Putting the “Boy” Back Into Boyhood

When I was a boy back in the 1960’s, the girl next door “had” to go to nursery school.  While we were out running around, playing, and having a good time, we occasionally wondered what was wrong with her.  It had to be pretty bad for her to have to go to school before kindergarten!  We felt sorry for her!

Today, so many kids go to pre-school that if you don’t, your friends wonder what’s wrong with you.  Part of the reason for the rise and “imperative” of pre-school is that US students are increasingly falling behind other industrialized nations educationally.  To get them caught up, we believe we need to get them into school at earlier and earlier ages.  Plus, most parents are working outside the home, which calls for some form of childcare.

Pre-school serves as a good cautionary metaphor when it comes to our boys.  At first, pre-schools were precisely that: pre-schools.  A place for kids to socialize with other kids, play, have some fun, and begin to learn how to interact with a more structured school environment.  At that point, pre-schools were boy-friendly.

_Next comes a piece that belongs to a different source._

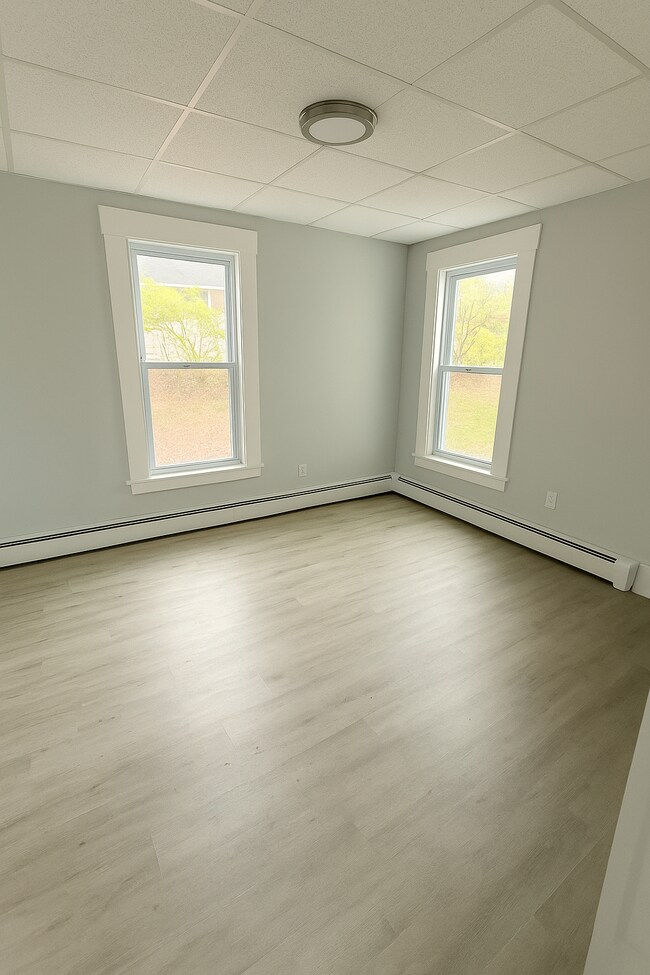 Building Photo - 75 Beech St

But now, with this seemingly compelling need to start education as early as possible in order to get our kids caught up with the rest of the world, pre-school has morphed from pre-school to school—academics have replaced play and socialization.  At that point, pre-schools became a type of poison for most boys. 

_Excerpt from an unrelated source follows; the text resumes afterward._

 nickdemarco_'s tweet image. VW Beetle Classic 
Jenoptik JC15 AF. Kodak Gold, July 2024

Why: Because it doesn’t allow a boy to be a boy.  A boy-brain is 1-1 ½ years developmentally behind a girl brain.  It’s not wired to read at a pre-school age (and yes, there are exceptions).  His brain isn’t even wired to read at the start of Kindergarten where his brain is at the level of a 3 ½ year old to the girl’s 5 year old brain.  The result: Boys start to hate reading in preschool, and start falling behind girls educationally in preschool—again, because we aren’t allowing boys to be boys.

The trend continues throughout school as we increasingly remove recess, p.e., and other movement-oriented necessities for boys.  A testosterone-riddled body needs to move in order to learn.  The more boys sit, the less we respect how God created boys, and the further behind our boys fall.

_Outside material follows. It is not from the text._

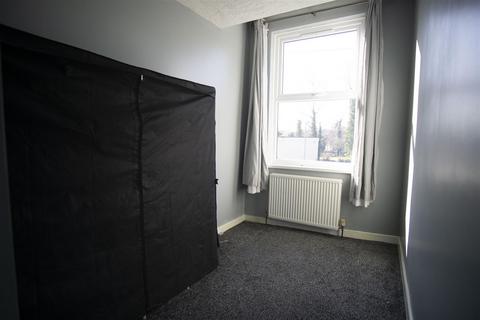 2 bedroom end of terrace house to rent, 2 Bed House To Let on Kingswood Street, Preston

The majority of boys express their boy-ness through running, wrestling, competition, hierarchies, humor, heroic battles (sword play, gun play, tag…) and one-up-mans-ship.  Look at that list again.  And again.  How many of our classrooms or schools or Sunday schools allow for that kind of behavior?

Finland is one country that lets its boys be boys.  They don’t start their boys in school until they are 6 or 7, and that includes reading.  Yet they have one of the top educational systems in the world.  And while the boys may start from behind the girls in reading, because they let the boys be boys, the boys catch up on average within a few months.  Rather than draining the life out of boys in preschool so that they learn to hate school early on, Finland puts the boy back into boyhood and the boys excel.

The whole purpose of kinder-garten, when it was developed, was to provide a place for kids to socialize and play.  Boys in particular need that.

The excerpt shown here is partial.